Théâtre du texte et de l'image
Cela fait des années que le théâtre est présent dans le travail vocal de François Matton (voix, textes, mise en scène des vignettes et des pages), de même que les représentations d'une scission entre le sentir et le penser. On n'est donc guère étonné de découvrir dans Oreilles Rouges et son maître une approche presque dramaturgique de la formation au dessin, c'est-à-dire au regard, qui s'ouvre sur un paysage tout simple de montagnes, cadre suspendu sans cadre, dans la page, utilisée toujours, qu'elle soit numérique ou physique, comme matière et lumière.
Il s'incarne ici, réduit à l'essentiel, en un dialogue faussement naïf du disciple et du maître où l'on devine les figures de Socrate, les personnages des farces médiévales, de Scapin, de Jacques le Fataliste ou encore celles de ces maîtres bouddhistes qui apprennent pendant des années à de jeunes apprentis l'art de tirer à l'arc. Le jeu d'attachement et de rivalité entre les deux dessinateurs aboutit à des incises philosophiques rapides, précises et claires sur ce que sont le dessin, le regard, la pensée du réel, l'art de nommer (ou de ne pas nommer) une chose par sa forme… L'ouvrage trace ainsi, par petites touches délicates et accessibles, les contours théoriques des fondamentaux d'une pratique qui veut dépasser la question même du dessin, qui s'insurge contre le primat de la raison, de la pensée, du mental.

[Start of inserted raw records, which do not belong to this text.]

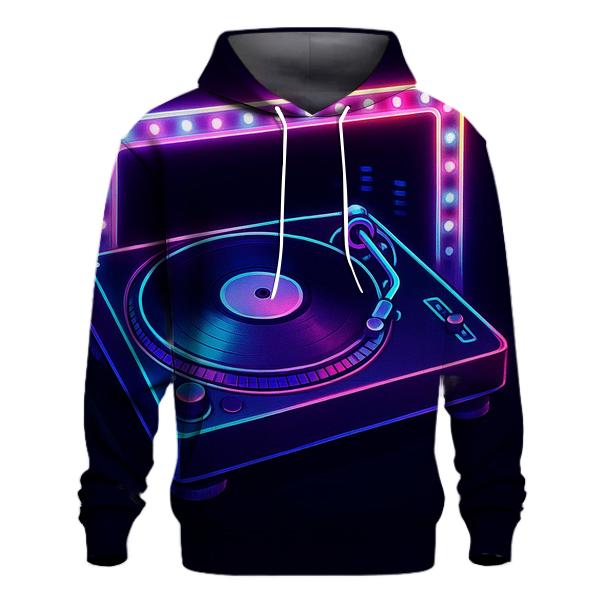 Neon Marquee Turntable pullover hoodies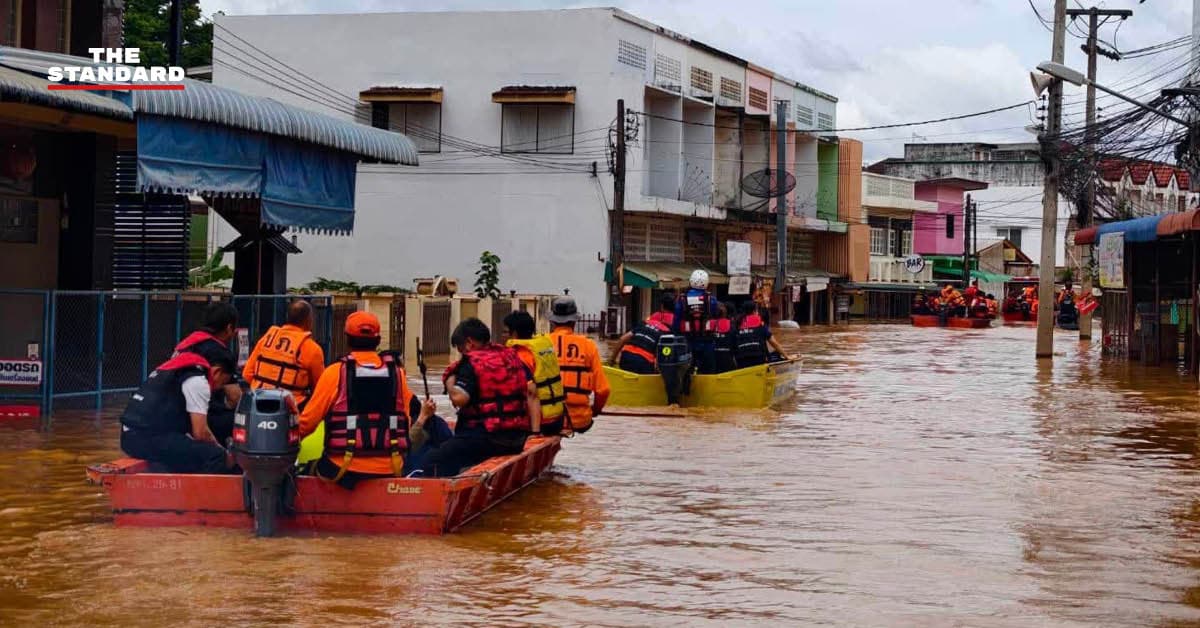 อุตุฯ ออกประกาศ ฉบับที่ 12 เตือนไทยตอนบนรับมือฝนตกหนักถึงหนักมาก ชี้ ‘หย่อมความกดอากาศต่ำไหหลำ’ ดึงมรสุมทวีความแรง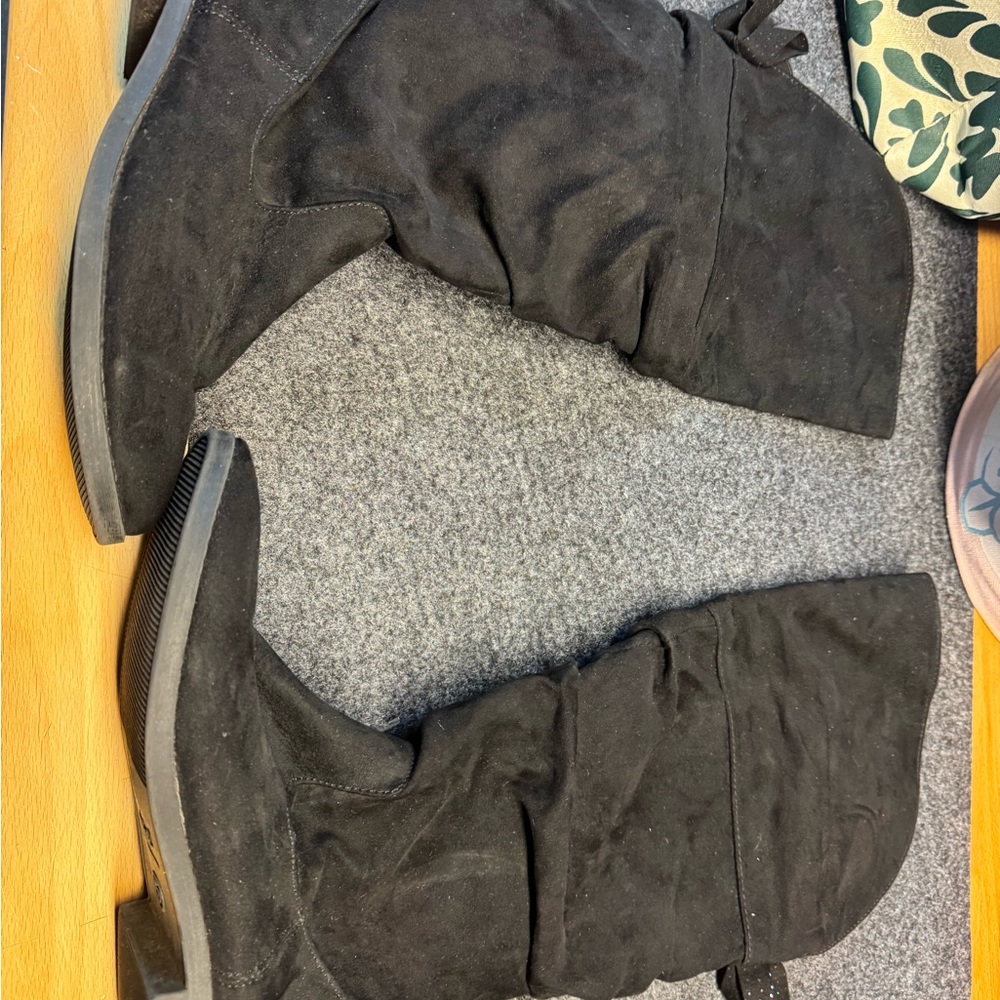 Cat & Jack Black Kids Boots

Pourtant, le jeu continue, le dessin et les « gribouillis » du disciple adressés à son maître font partie de la matière discursive, interviennent comme effet de réel contre la paroi de la page. On rêve de ce que tout ceci pourrait donner (au sens fort) sur scène, sur une autre scène, où le dessin apparaîtrait comme personnage (un peu comme chez Saint-Exupéry), dans une ambiance textuelle proche de Ionesco, parfois aussi de Beckett (on découvre avec intérêt une écriture qui est un mixte de didascalies, d'autoportraits et de notes), et serait projeté sur toile, sur voûte, sur grotte, dans sa première et neuve intention. Que François Matton dépasse sa propre maîtrise du dessin en figurant ici un disciple au trait maladroit permet qu'il s'approche des rivages qui pourraient bien parler aux plus nombreux, et suggérer l'importance vitale d'un art du regard.